11. I may appear more "whole" than I actually am. I need your help to uncover the parts of myself that I keep hidden so I can integrate all the elements of my identity.
12. I need to gain a sense of personal power.
13. Please don't say that I look or act just like you. I need you to acknowledge and celebrate our differences.
14. Let me be my own person, but don't let me cut myself off from you.
15. Please respect my privacy regarding my adoption. Don't tell other people without my consent.
16. Birthdays may be difficult for me.
17. Not knowing my full medical history can be distressing for me.
18. I am afraid I will be too much for you to handle.
19. When I act out my fears in obnoxious ways, please hang in there with me and respond wisely.
20. Even if I decide to search for my birth family, I will always want you to be my parents.
Sherrie Eldridge....Coaching Adoptees to Get Strong and Move On
A twice-reunited adoptee, Eldridge is a straight-shooting, transparent, and compassionate author, speaker, and trainer in the field of adoption.
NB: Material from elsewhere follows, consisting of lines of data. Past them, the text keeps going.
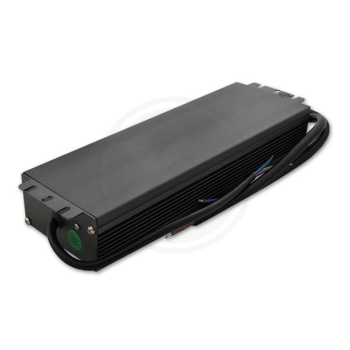 Napajanje plastično 300W 12V 25A IP67 7129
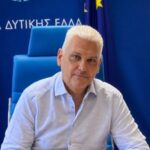 «Η προστασία του φυσικού μας πλούτου είναι ευθύνη όλων μας»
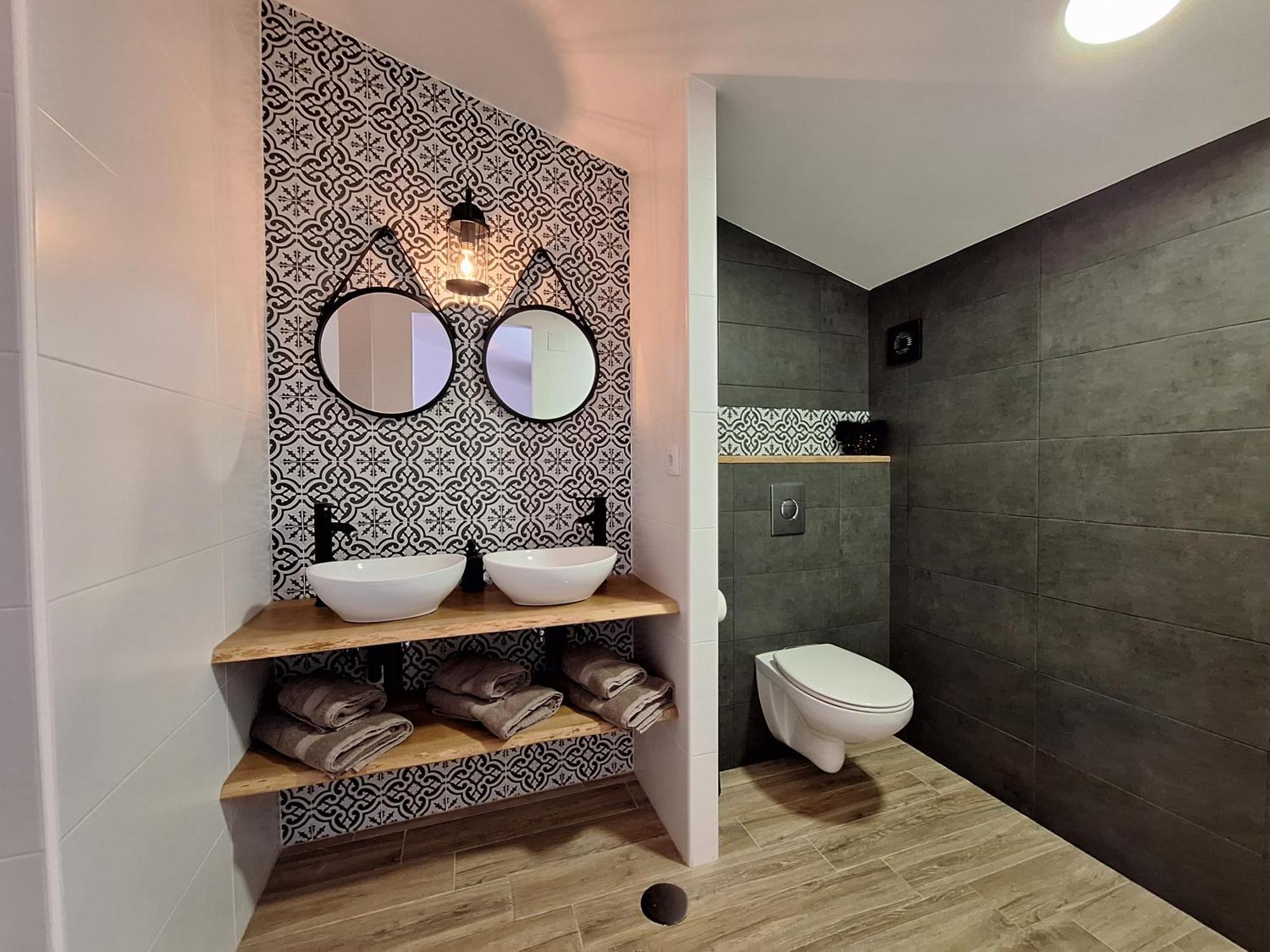 Casa Dani Studio'S, Tomar Carregueiros Extérieur photo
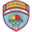 Winslow Fire Department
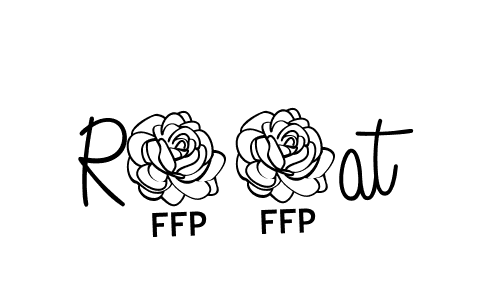 This is the best signature style for the R15at name. Also you like these signature font (Angelique-Rose-font-FFP). Mix name signature. R15at signature style 5 images and pictures png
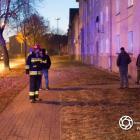 zdjęcie nr 9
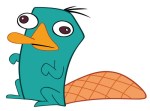 perry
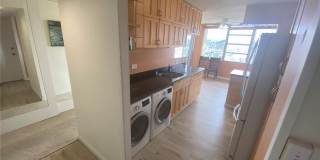 2825 S King Street Gallery 3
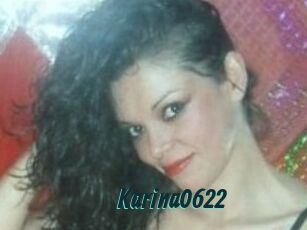 Karina0622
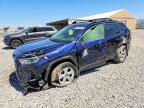 TOYOTA RAV4 2021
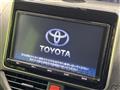 2016 Toyota Voxy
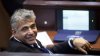 Jair Lapid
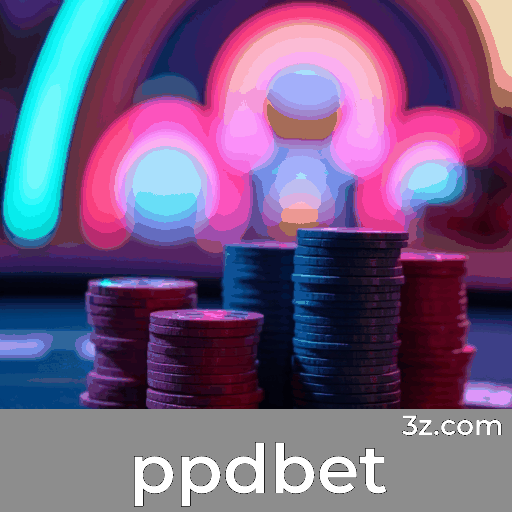 ppdbet: Descubra o Potencial Explosivo dos Crash Games em Estratégia e Multiplicadores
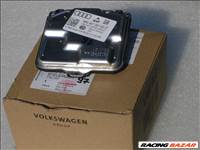 Audi A4 A5 A6 Q7 Q8 Led Fényszóró Modul elektronika 4M0907397AD ÚJ 2015-től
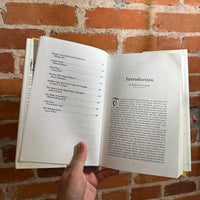 A Century of Fantasy 1980-1989 - Edited by Robert Silverberg - Hardback (Le Guin, Ellison, & More)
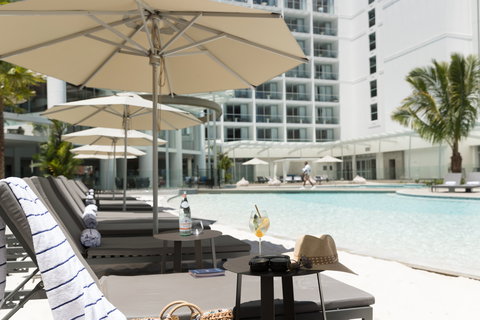 Crystalbrook Riley - Tourism Guide 7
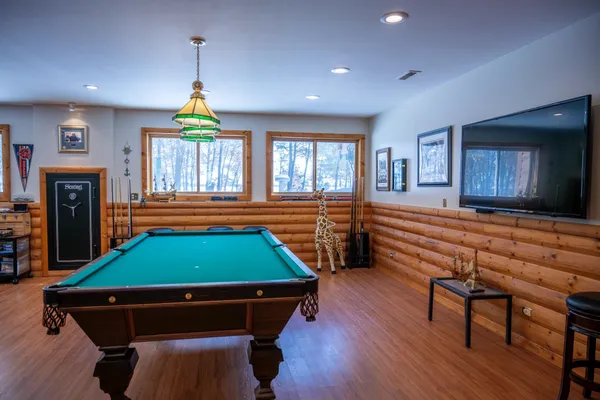 $1,600,000 | N13436 19th Avenue, Necedah, WI 54646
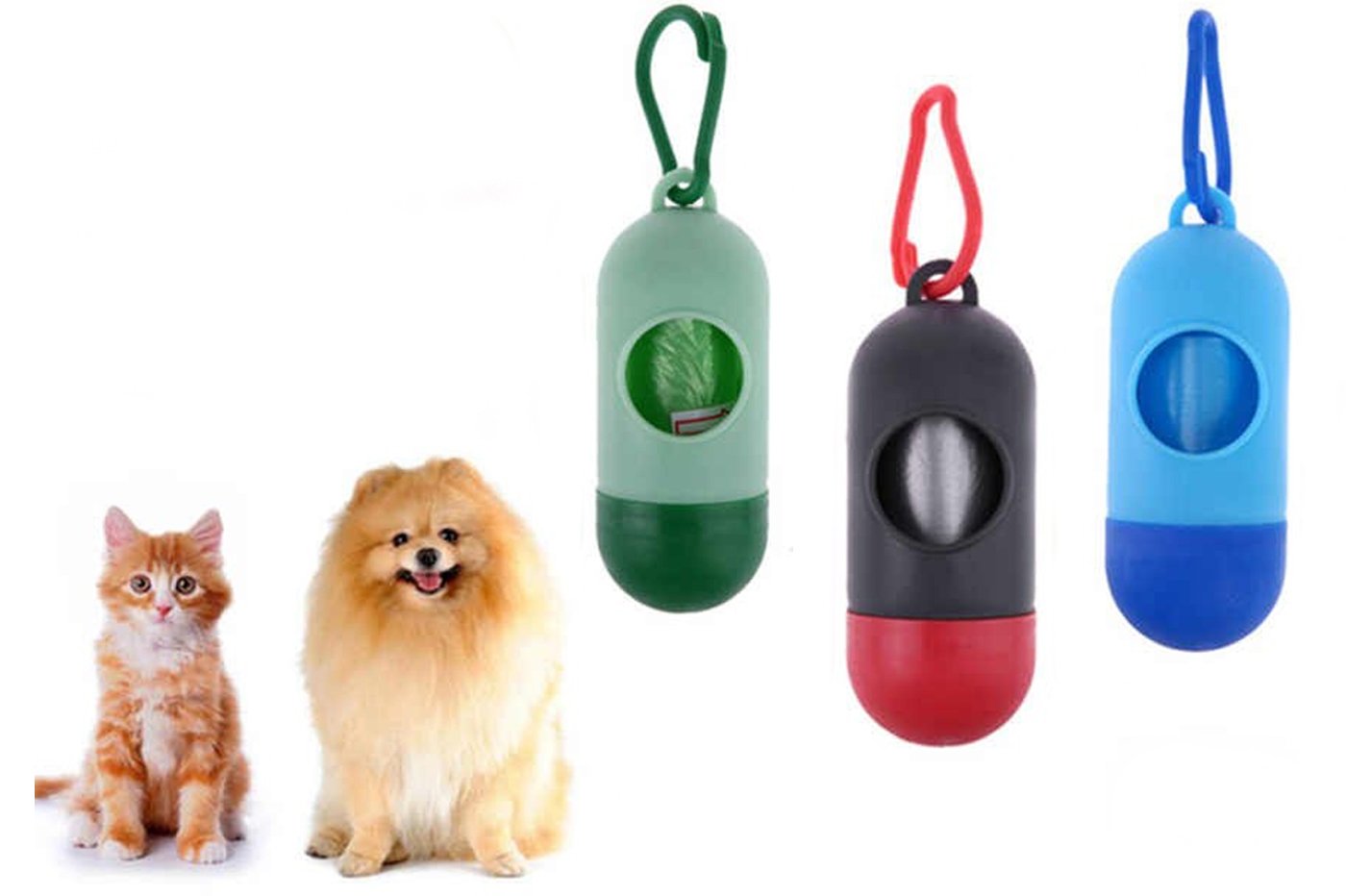 camon-dog-dispenser-sacchetti-igienici-animaletti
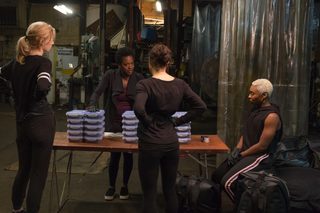 Widows still 4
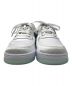 中古・古着 NIKE (ナイキ) Women's Air Force 1 Low 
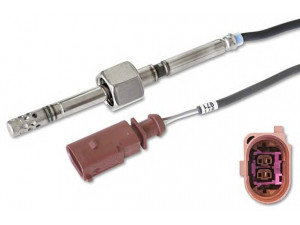 HJS 92 09 4019 jutiklis, išmetamųjų dujų temperatūra 
 Elektros įranga -> Jutikliai
070.906.088 AA, 070.906.088 B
Her books are research-based, yet woven within are poignant messages pounded out on the anvil of her adoptee heart. This is what makes Eldridge unique! Because her books hit core needs, readers review her work with anger or thanks. She takes this in stride, knowing its the price of being a pioneer and that many critics return with thanks. One adoptive parent said she had a beautiful heart because she had the courage to tell him what his daughter might experience.
In 2010, Eldridge received the Congressional Angel in Adoption Award from the Honorable Congressman Dan Burton of Indiana.